日本政策投資銀行と四国ツーリズム創造機構は、欧米豪の外国人旅行者に関する調査報告書を公表した。彼らがどのようなきっかけや目的で四国を訪れ、どのような交通手段やルートで四国を含む国内を旅行しているのかといった実態を把握すべく、四国各県の主要な観光地において対面アンケート調査を共同で実施したものである。

四国を含む西日本を周遊している欧米豪の旅行者が多い

四国を旅行している欧米豪の外国人旅行者に対し、今回の訪日旅行プランについて尋ねたところ、「四国を含む西日本への訪問が主な目的」との回答が35.7%と最も多い結果となった。続いて、「東京をメインとしていくつかの地域を訪問」が33.1%、「四国への訪問が主な目的」が16.6%、「大阪をメインとしていくつかの地域を訪問」が9.3%の順となっている。

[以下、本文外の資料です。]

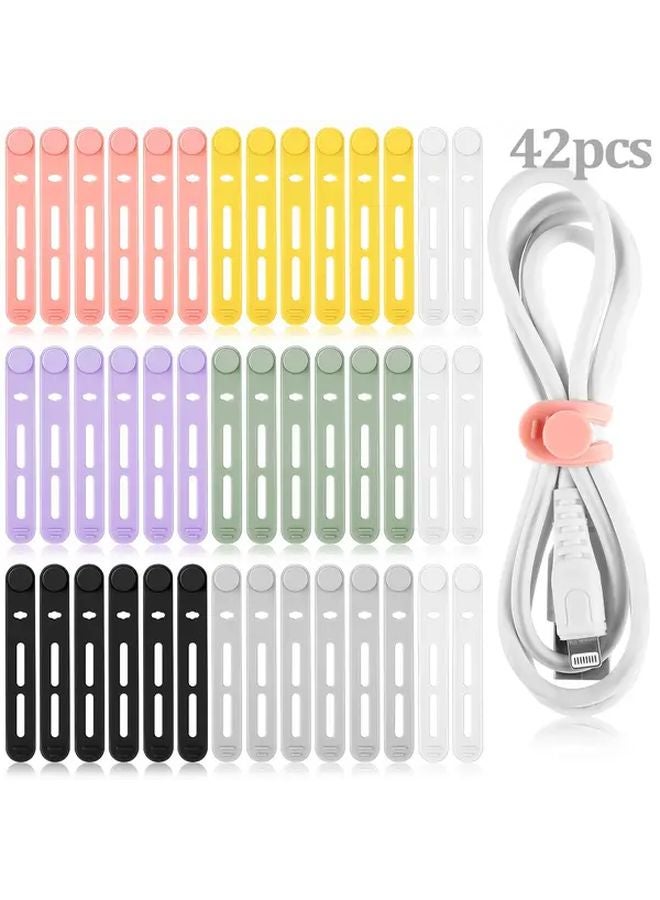42pcs Reusable Silicone Cable Ties 8cm Colorful Cord Organizers For Charging Cords Earphones - Image 1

東京や大阪という拠点をメインとしている人より、西日本という広域エリアを捉えて周遊している人が多いことが分かる。また、四国そのものを目的として訪れる人が2割弱いることより、四国の情報が欧米豪の旅行者に届いているといえる。

四国を訪れる直前の訪問先は広島が最も多い

四国を訪れる直前の訪問地について尋ねたところ、最も多い訪日旅行プランである「四国を含む西日本への訪問が主な目的」における直前の訪問地は「広島」が約3割と、他プランより割合が高く、広島を中心に西日本を周遊しているといえる。

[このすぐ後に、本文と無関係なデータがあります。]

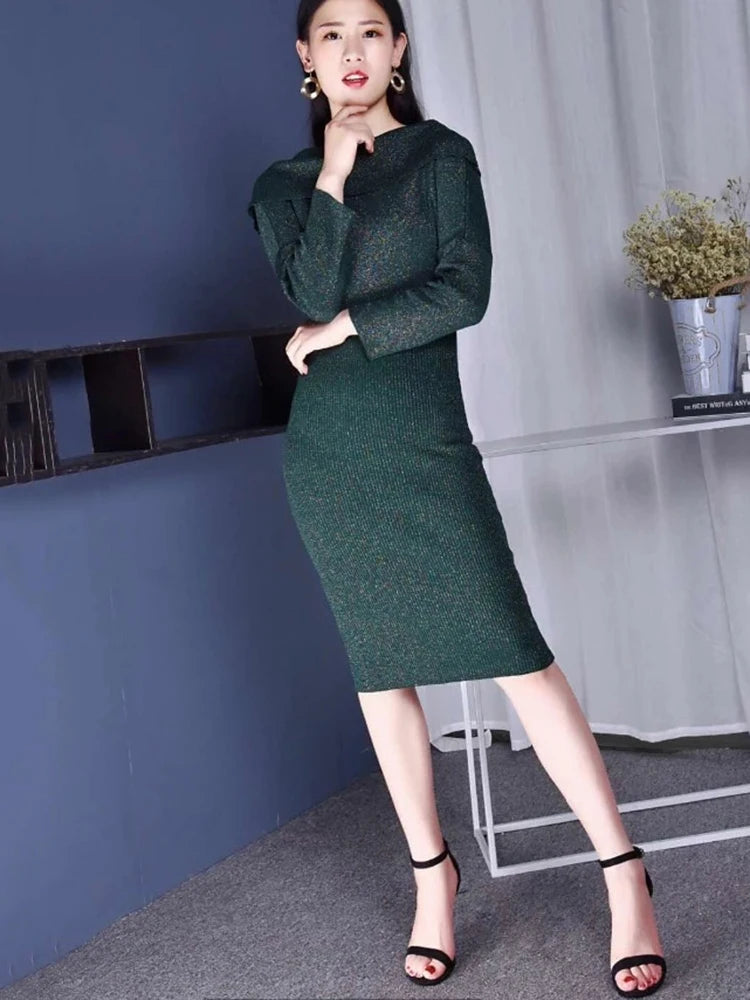 Elegant One Shoulder Lurex Dress for Women - Oversized Midi Party Dress Fall Winter Collection | Perfect for Holiday Parties, Cocktail Events & Special Occasions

「東京をメインとしていくつかの地域を訪問」プランにおける直前の訪問先は「東京」とあわせて「広島」「岡山」が多く、新幹線を使って東京から広島や岡山に移動後に四国に来ている人が多いと推察される。また、「四国への訪問が主な目的」プランにおける直前の訪問先は「東京」や「大阪」が多いことから、都市圏から他地域を経由せずに直接四国入りしている人が多いことが分かる。

周辺地域と連携した四国の魅力発信と課題対応の両輪を

当調査では、四国を訪れる際の交通手段についての分析も行っており、鉄道、レンタカー、フェリーなど多様な手段を使って移動している欧米豪の旅行者の姿が浮かび上がった。そのルートも、広島・岡山等の中国地方経由や京都・大阪等の関西経由など様々であることから、各地域との連携が重要であるといえる。

周辺地域との連携の上で四国独自のコンテンツを磨くことに加え、アクセス改善や決済ツール充実等の受入環境の整備も引き続き不可欠だ。このように、魅力発信と課題対応を両輪で取り組むことにより、四国への誘客拡大と持続可能な観光が実現することを期待したい。